By: Koena Mokobocho

During day four of the 43rd Ordinary Session of the African Committee of Experts on the Rights and Welfare of Children, at Avani Lesotho, Director of Programmes at African Child Policy Forum (ACPF) Shimelis Tsegaye Tesemma gave a report on child wellbeing for the year 2023.

Dedicated to child hunger and the issues of poverty within the household, the report outlines the progress of African countries and the subsequent effect it has had on its people. The report explores the main reasons behind the alarming numbers of hungry and poor children, and the solutions various governments are implementing to effectively alleviate the problem.

Roughly 54% (352 million) of children in Africa are living in poverty. 60% of those children are experiencing severe forms of poverty, mainly the deprivation of food which has led to malnutrition, leaving most kids stunted.

The inability to access education is another main contributor alongside poor housing, inability to access sanitation facilities, and safe drinking water.

Despite how dire things appear, there is still hope.

Doctor Shimelis Tsegaye Tesemm advises that Africa restructure the way it uses resources and prioritize efficiency. He provides instances of best practices, such as the high import taxes on tobacco and alcohol in Algeria, which have supported the funding of child-sensitive social protection programs.

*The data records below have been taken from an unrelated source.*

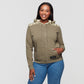 Women's Stencil Block Icon Hoodie, Khaki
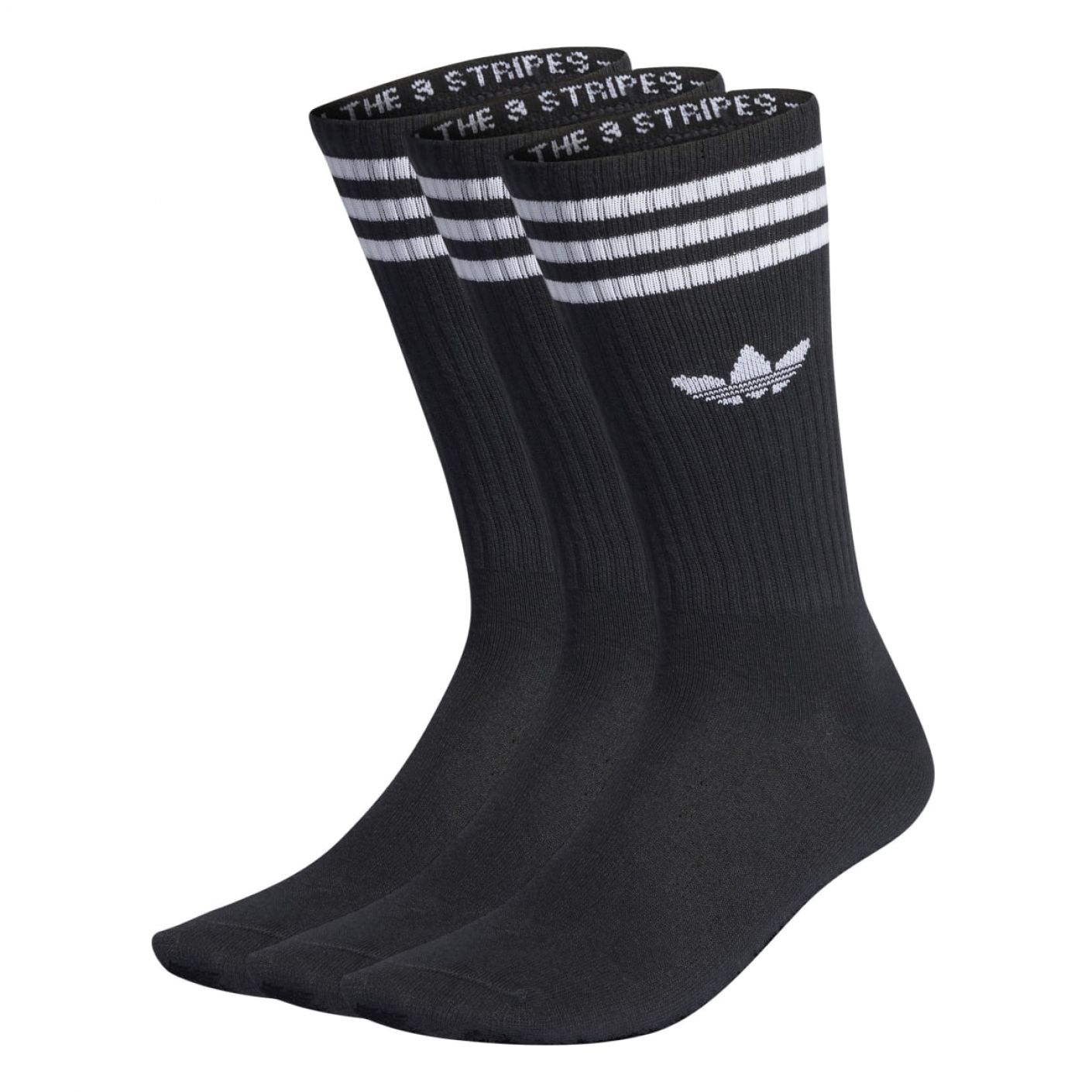 Adidas Calze Solid Crew Nere 3 Paia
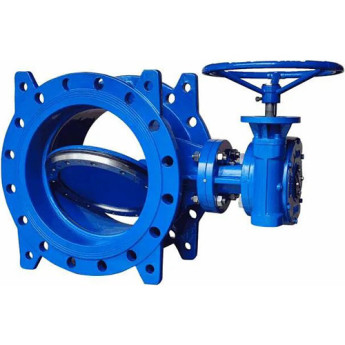 Затвор дисковый чугунный Benarmo 2210RA DN 1200 PN 10/16 поворотный фланцевый двухэксцентриковый с редуктором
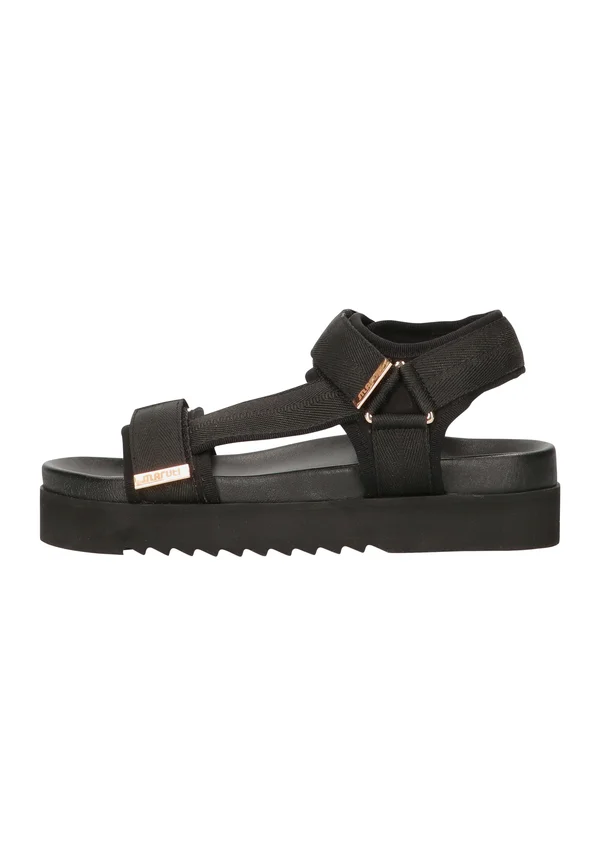 BEAU - Platform sandals - black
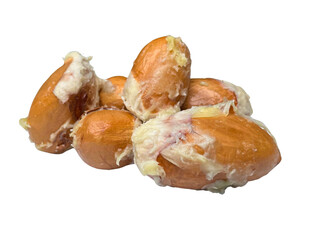 Peeled Durian Seeds: Creamy Residue on Exotic Fruit Kernels ( Transparent )

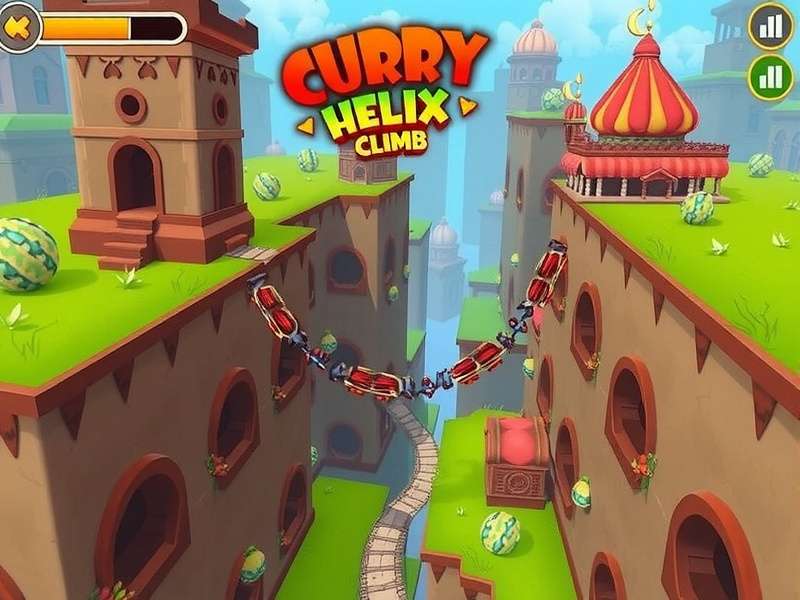 Curry Helix Climb gameplay screenshot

In Egypt, the Beladi bread subsidy has been effective in combating hunger; recipients have the right to five loaves of bread each day at a cost that is only 10% of the market price.

Doctor Shimelis lists four crucial measures that governments should prioritize to give a fighting chance as he wraps up his presentation; Africa’s nations must declare child malnutrition and hunger a national emergency and take the appropriate action to put an end to it.

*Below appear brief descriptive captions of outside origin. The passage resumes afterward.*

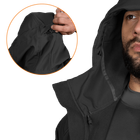 Куртка тактическая демисезонная мужская для силовых структур Stalker SoftShell Черная (7226), XL - изображение 6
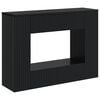vidaXL Tavolo consolle Nero 101 x 29 x 74 cm Legno ingegnerizzato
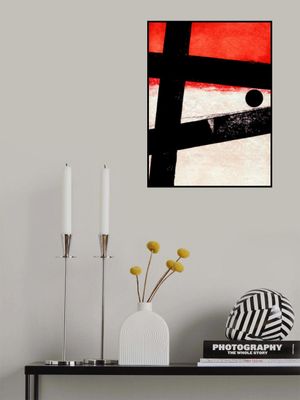 Bold Black Brushstrokes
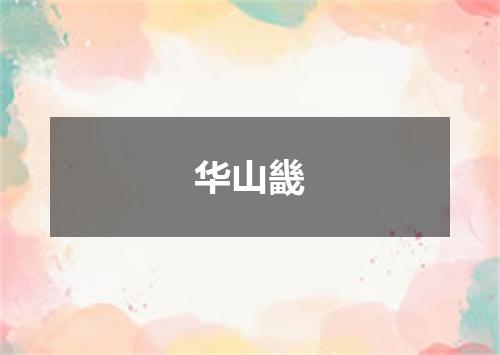 华山畿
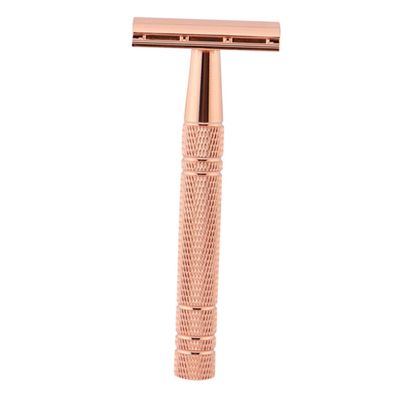 COOLHIYA Old Style Manual Razor for Men Double-edged Safety Shaver with Anti-slip Handle Professional Salon-style Shaving Tool for Beard Mustache Face Body Hair Removal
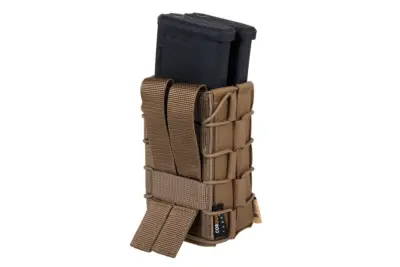 asgbox.pl - M-Tac Podwójna otwarta ładownica na magazynki AK/AR Laser Cut Coyote Brown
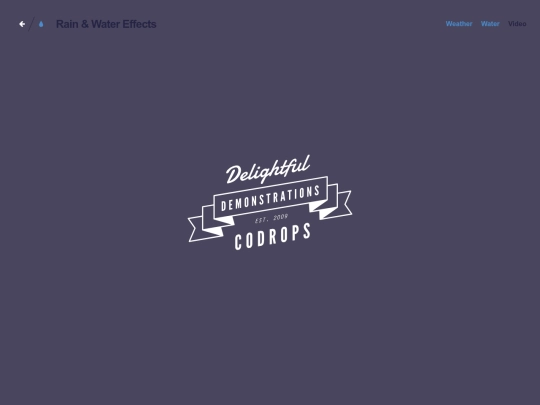 Webtest/RainEffect/index3 screenshot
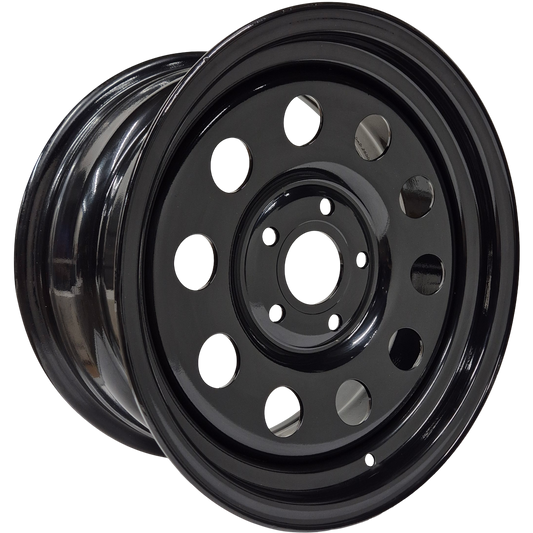 16" x 8" GOJOS Black Modular 5x120 ET25 CB70.1 (Land Rover) Off-Road Steel Wheels Roadcruza Tyres 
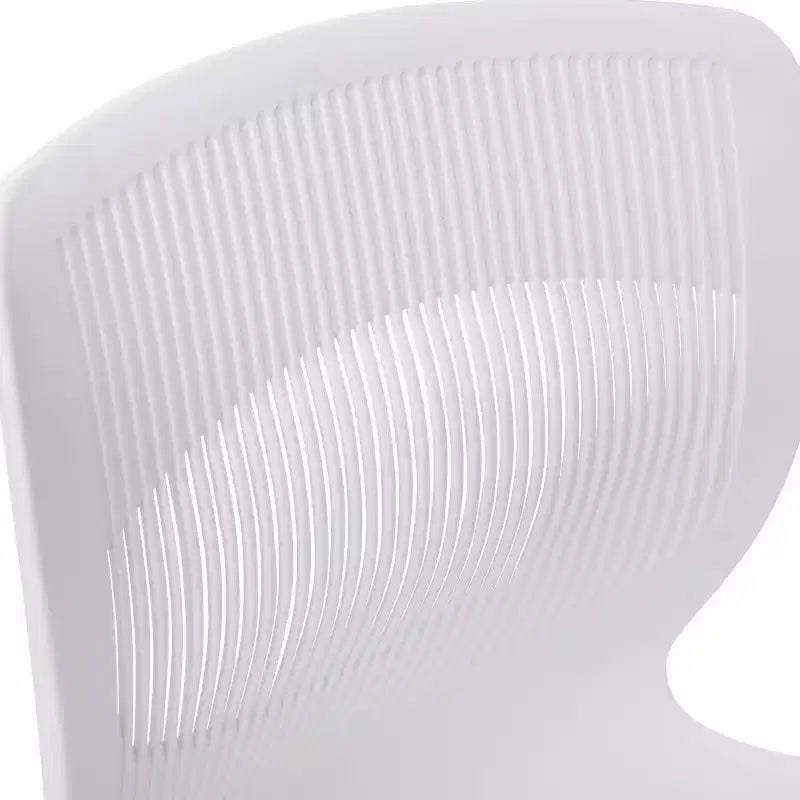 Emma and Oliver Heavy Duty 770 lb. Capacity Ergonomic Polypropylene Stack Chair with Lumbar Support and Steel Frame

To appropriate funding for child development, development planning should incorporate and recognize the rights of children.

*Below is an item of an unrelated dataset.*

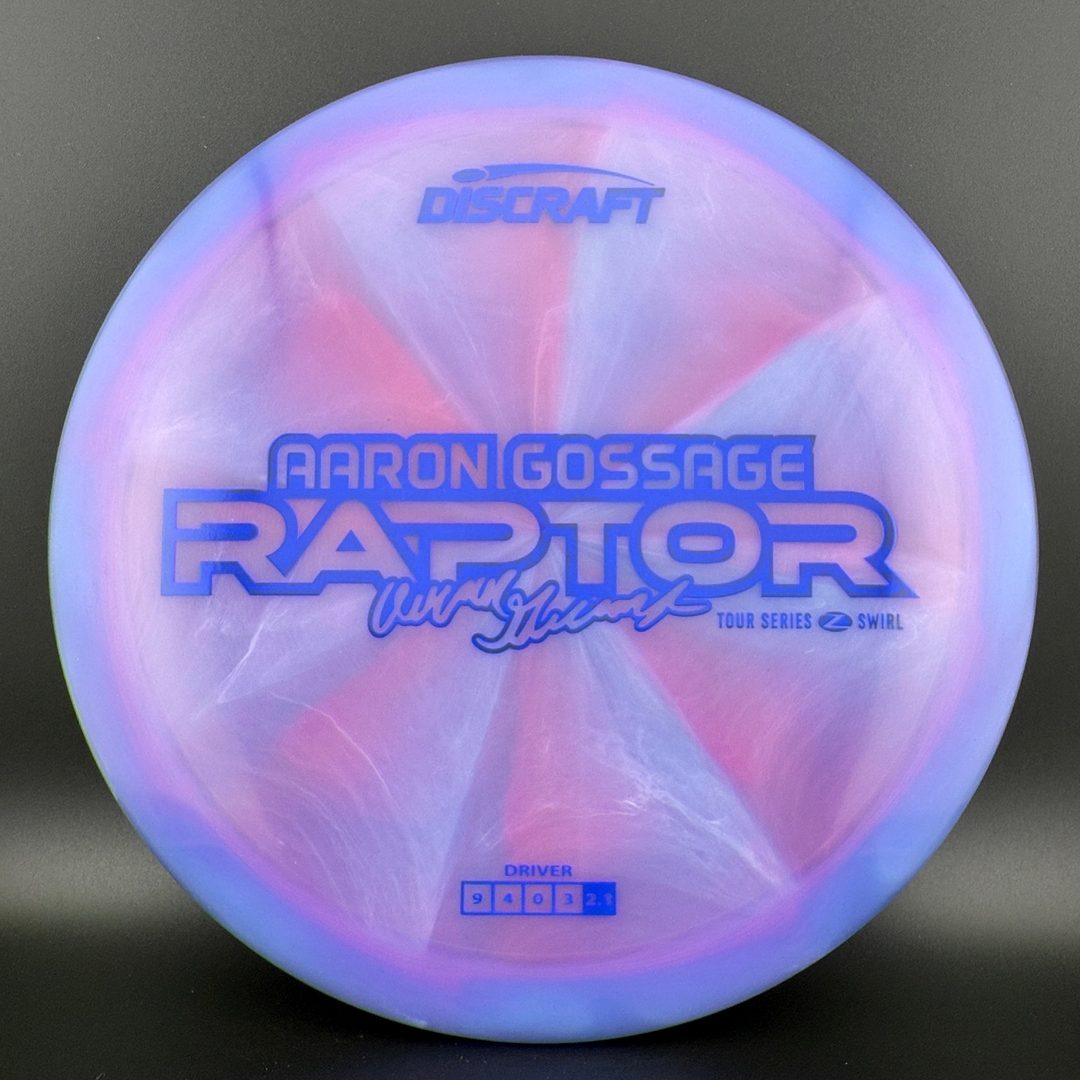 Z Swirl Raptor - Aaron Gossage 2025 Tour Series Discraft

Lastly, the creation of social protection programs that are responsive to the needs of all children and the reinforcement and accountability of government.

The urgent need for action is more apparent than ever as the 43rd Ordinary Session of the African Committee of Experts on the Rights and Welfare of Children comes close to an end. The study that Dr. Shimelis Tsegaye Tesemma presented illuminates the reality that millions of African children have to deal with every day—poverty and starvation.

However, in the face of these severe obstacles, there remains hope reinforced by innovative approaches and a clear call to action. African countries have a responsibility to take this appeal seriously, to put their children’s welfare first, and to pave the way for a time when every child goes to bed with a full stomach, and their minds healthy and to curate effective solutions.